The Versatile SLS
(Speech Level Singing Technique)
The Speech Level Singing technique, developed by Seth Riggs, is a complete vocal training that maximizes a singer's vocal abilities in any style of singing. From Opera to Rock; Jazz to Pop or R&B, over 100 Grammy award winners use it, as well as winners of the Metropolitan Opera Auditions and Tony Award winning performers on broadway. SLS has also been practiced by Academy Award winning actors and industry leaders to perfect their vocal presence and empower them in speech. Speech-Level-Singing (SLS)
The larynx is the large bump in the middle of the throat just below the chin (men call this the "Adam's Apple").
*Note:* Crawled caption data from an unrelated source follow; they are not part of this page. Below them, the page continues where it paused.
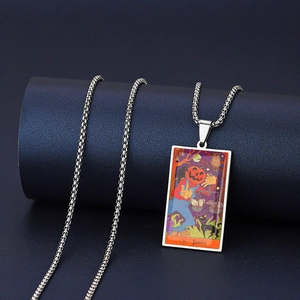 Détail du pendentif Tarot Justice avec tête de citrouille, chat noir et motif de balance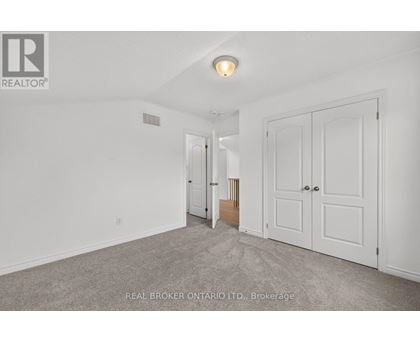 A white bedroom with a carpet floor and a Real Broker logo.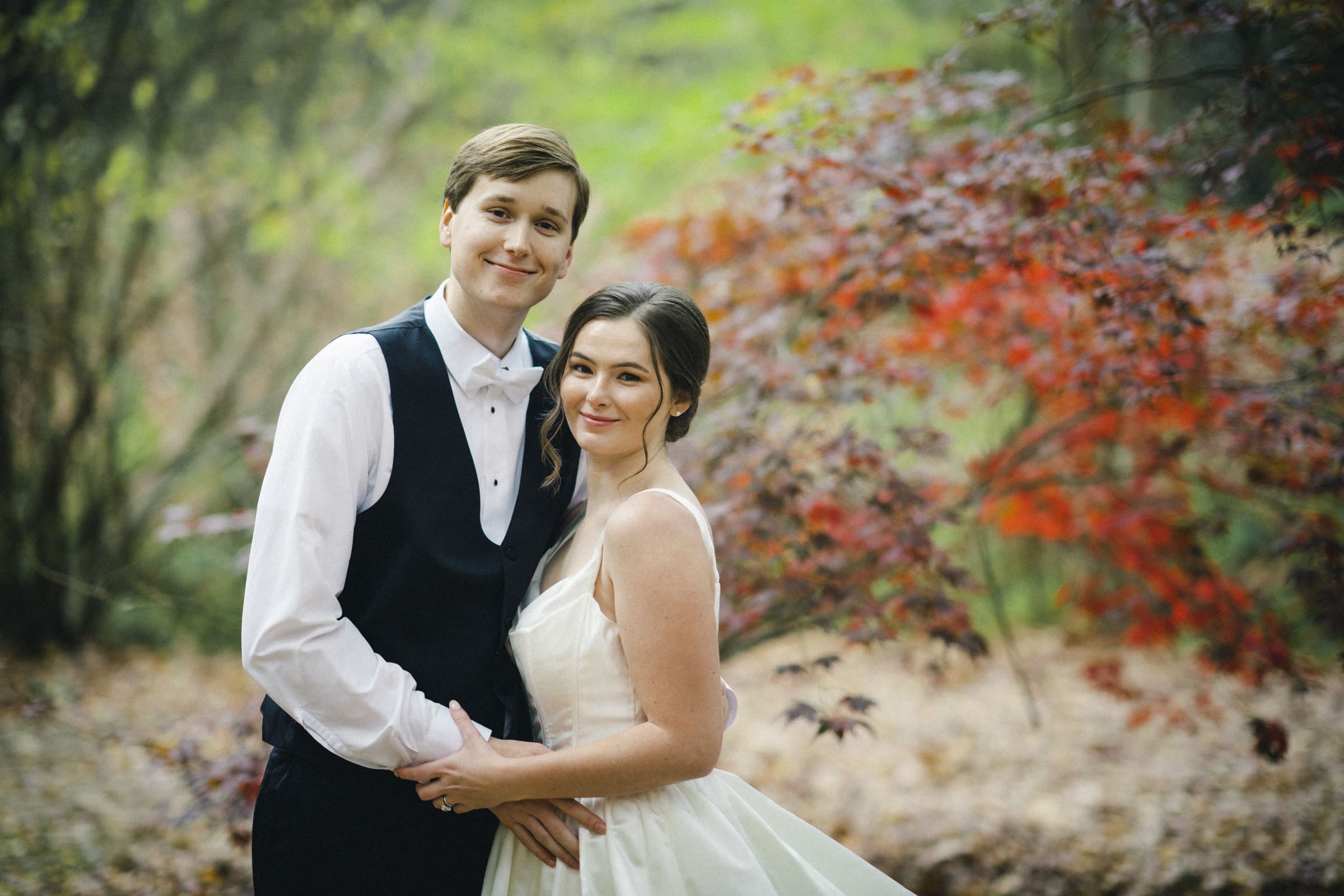 A couple in formal attire stands outdoors, beaming at their Umstead Hotel wedding. The man dons a black vest and bow tie, while the woman shines in a white dress. They are enveloped by leafy trees with vibrant red foliage as their stunning backdrop.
The larynx houses the vocal cords and also controls the swallowing mechanism. When the larynx rises up, the muscles around the vocal cords close in order to prevent food from entering the wind pipe and the lungs. This is essential to the swallowing process, yet hinders good singing. If you place your hand on your larynx and yawn, you will feel your larynx come down. If you leave your hand on your larynx and swallow, you will feel your larynx rise. In Speech Level Singing, our goal is keep the larynx at a comfortable "speech level" while we sing (neither jamming up, nor locking down).
The vocal cords, also known as vocal folds, are a pair of soft tissue cords that are joined at the front of the larynx and extend to the back. When they close, the back end of the cords come together (connect), and the flow of air is temporarily stopped. When the pressure of air from the diaphragm overcomes the pressure of the muscles holding the cords together, they are blown apart. Sound is made when they close again due to the resonation created. Then once again the air pressure overcomes the muscle pressure and the process begins again.
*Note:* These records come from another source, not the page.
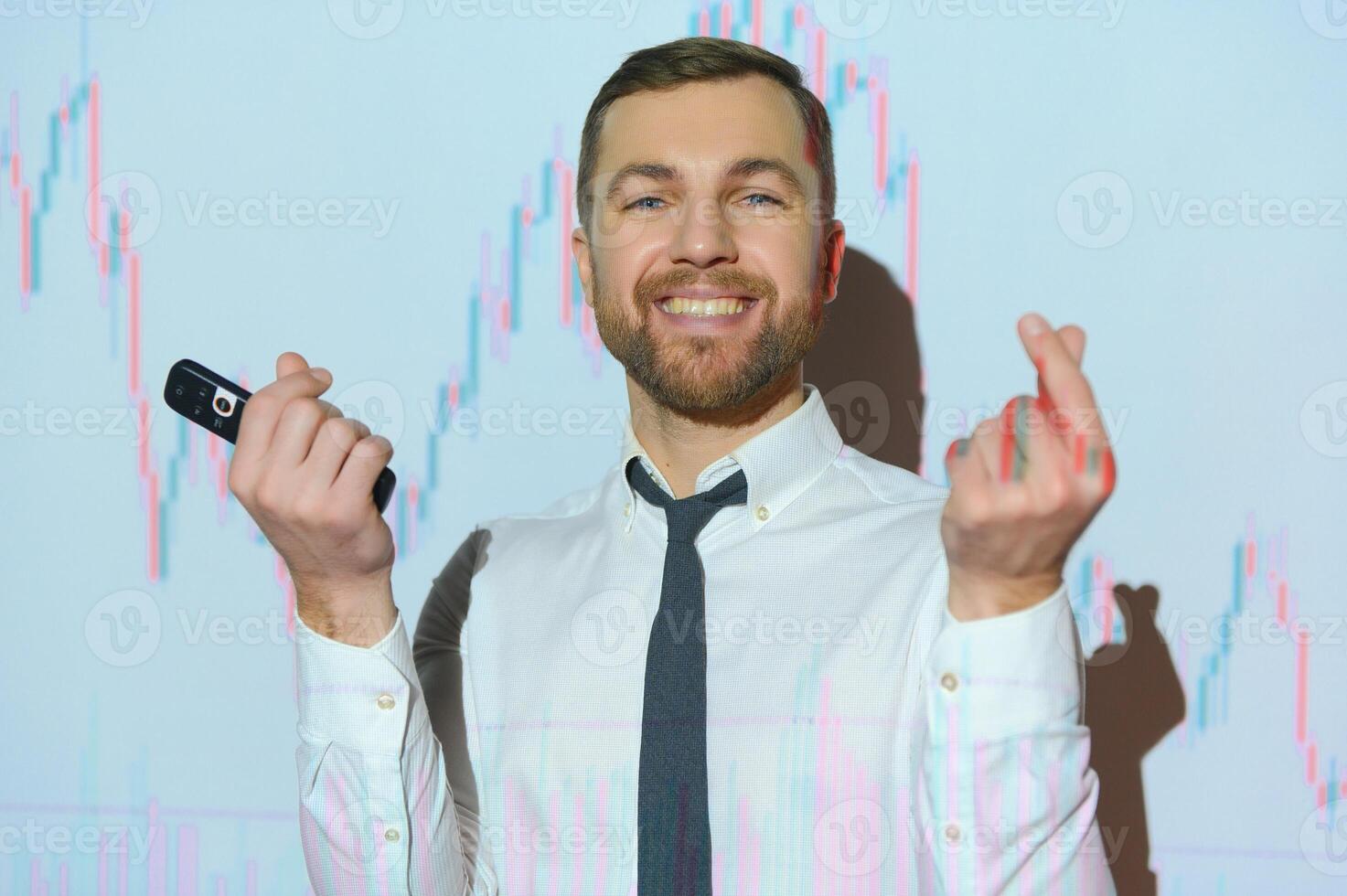Man is standing near projector and showing graphs and business graphs. photo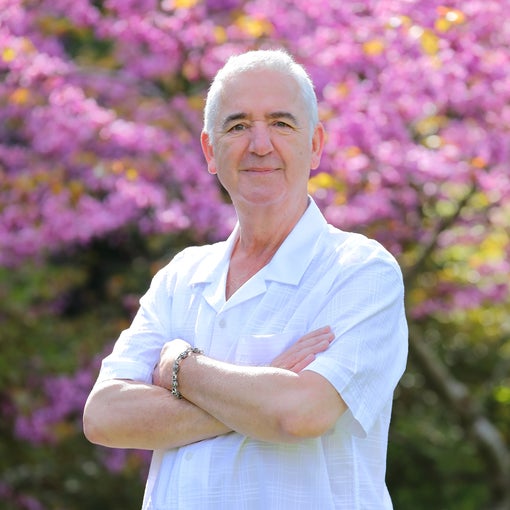 Man with short gray hair stands outside, arms gently crossed, smiling in a white shirt. A pink flowering tree and lush greenery are softly blurred in the background.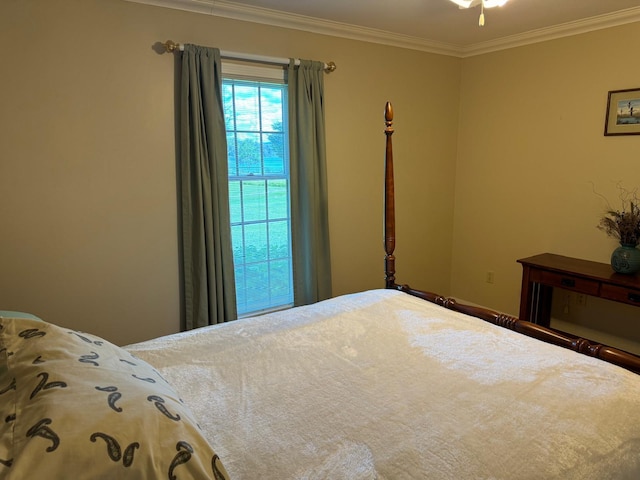 bedroom featuring crown molding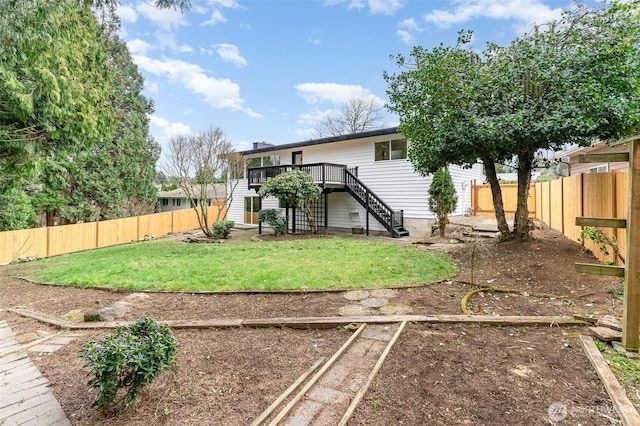 view of yard with a vegetable garden, a fenced backyard, stairway, and a wooden deck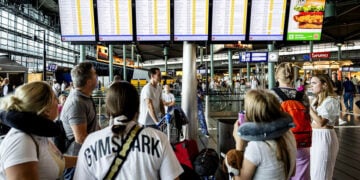 Ταξιδιώτες στο διεθνές αεροδρόμιο Σίπχολ στο Άμστερνταμ κοιτούν τον πίνακα ανακοινώσεων αναζητώντας πληροφορίες για τις πτήσεις τους μετά την κατάρρευση των πληροφοριακών συστημάτων (φωτ.: EPA / Sem van der Wal)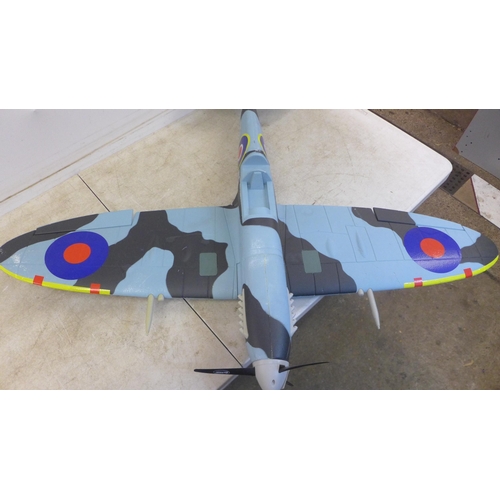 5066 - A motorized model RAF TL-B PL344 Spitfire airplane and a motorized model cub plane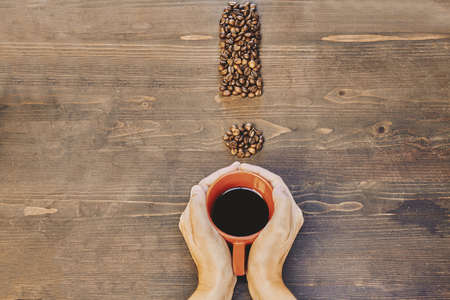 A high angle shot of a cup of coffee near coffee beans on a wooden tableの写真素材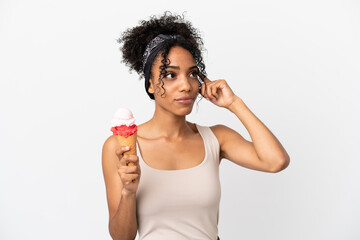 Young african american woman with a cornet ice cream isolated on white background having doubts and...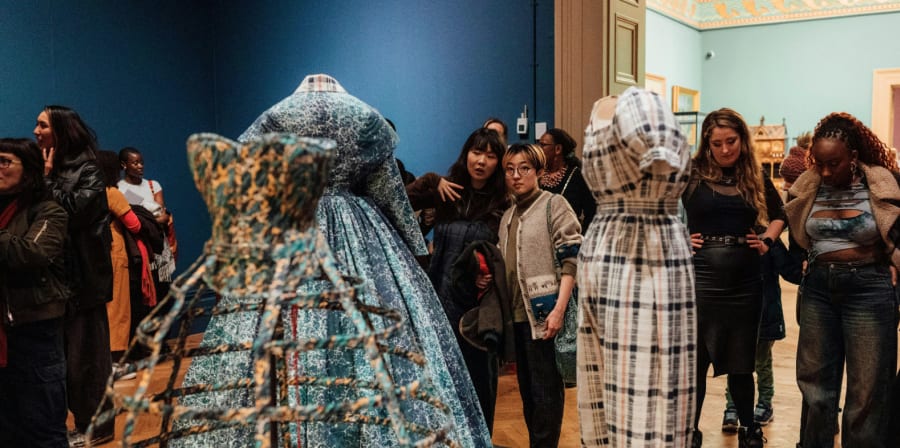 Visitors looking at dresses on mannequins at exhibition.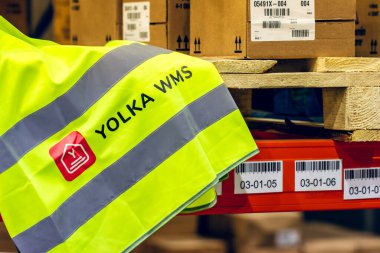 MOSKOW, Rusya - 16 ARALIK 2020 YOLKA WMS rozet Sarı sinyal yelek yakın görüş. Yolka Depo yönetim sistemi. Depo binasında bir paletin ve kutuların üzerinde duran işaret yeleği..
If the cords are not brought together with a balanced pressure of air and muscle strength, you will have a strained and tense voice, or your voice will break. This technique first eliminates any activity in the outer muscles of the larynx. These outer muscles interfere with the singing tone; once these tensions are eliminated, the tone is freed. In addition, the ability to produce words easily and clearly is enhanced.
Breathing for Singing
The diaphragm, is a dome shaped muscle that separates the chest cavity from the abdominal cavity. The lungs, which are incapable of any muscular action, sit on top of the diaphragm. When the diaphragm contracts, it flattens downward and slightly to the back, thus lowering the floor of the chest (thorax). As it does this, the lungs are stretched downward, creating a partial vacuum which causes the air outside the body to rush in. During this inhale, as the diaphragm descends, the abdominal wall is caused to expand outward. The diaphragm is active only during the inhalation process.
The abdominal muscles will automatically regulate the exhalation process during singing when a speech-level posture is maintained. The breathing process during Speech-Level-Singing is very relaxed. This technique of singing promotes proper, automatic breath support, and thus a balance between air and muscle. Speech-Level-Singing gives the vocal coordination needed to sing any style a singer desires.